By demystifying these techniques, women don’t need to rely on another person for help if they run into problems on a ride.

“The lesson made us feel more empowered to fiddle with things without fearing that we’d ‘mess them up,’” said Cross.

Other women’s clubs, such as the Velo Vixens in Gainesville, Fla., adopted the Chix’s model after being inspired by the success of “Wine, Wenches and Wrenches.”

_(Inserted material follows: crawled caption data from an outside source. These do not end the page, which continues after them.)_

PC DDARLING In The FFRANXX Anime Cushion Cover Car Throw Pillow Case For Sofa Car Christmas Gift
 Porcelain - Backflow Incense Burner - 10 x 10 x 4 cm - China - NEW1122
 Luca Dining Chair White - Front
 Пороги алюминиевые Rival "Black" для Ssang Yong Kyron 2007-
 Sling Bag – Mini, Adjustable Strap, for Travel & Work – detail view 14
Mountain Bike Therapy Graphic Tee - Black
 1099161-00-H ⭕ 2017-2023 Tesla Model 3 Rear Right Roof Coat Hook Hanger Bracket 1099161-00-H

After taking classes, women feel they can go on longer rides and explore new and more challenging routes, said Lauren Streifel, a Velo Vixen organizer. Even beginners feel more comfortable since it’s likely that someone in the group has the skills to keep everyone safe and on track.

Biking gives women a sense of freedom totally different from driving a car for the first time, said new Velo Vixen Michelle Budny. Previously reliant on her car to get around, Budny is now hoping to start exploring the city on her bike instead.

For cyclists who are mothers, more have started cycling with their kids to school as their confidence has grown.

“There is a silly little adage: give a women a bike and she will change the world,” said mountain bike trainer Tania Juillerat, who lives in Indianapolis. “She is teaching her friends, teaching her children and the next generation.”

Juillerat motivated Cross to start Magic City Chix after she attended one of Juillerat’s mountain biking workshops. Like Cross, Juillerat is a mother and rides regularly with her 11- and 3-year-old children. If Juillerat couldn’t do simple repairs like fix a chain, she said she wouldn’t feel comfortable taking her kids along.

Being able to have fun without worrying about your safety, or that of your fellow riders, safety is key to getting more women riding, she said.

“All of us have been in a situation where if we didn’t know how to change a flat we would have ended up in trouble,” said Cross. “If you can do it, it does wonders for your confidence. And that confidence carries back over into the rest of your life. You feel like you can handle anything.”

Email:  chc2149@columbia.edu

Updated March 1: The photo caption has been corrected to note that the woman demonstrating repair techniques is Amelia Smith, another Grease Rag facilitator, and not Laura Kling.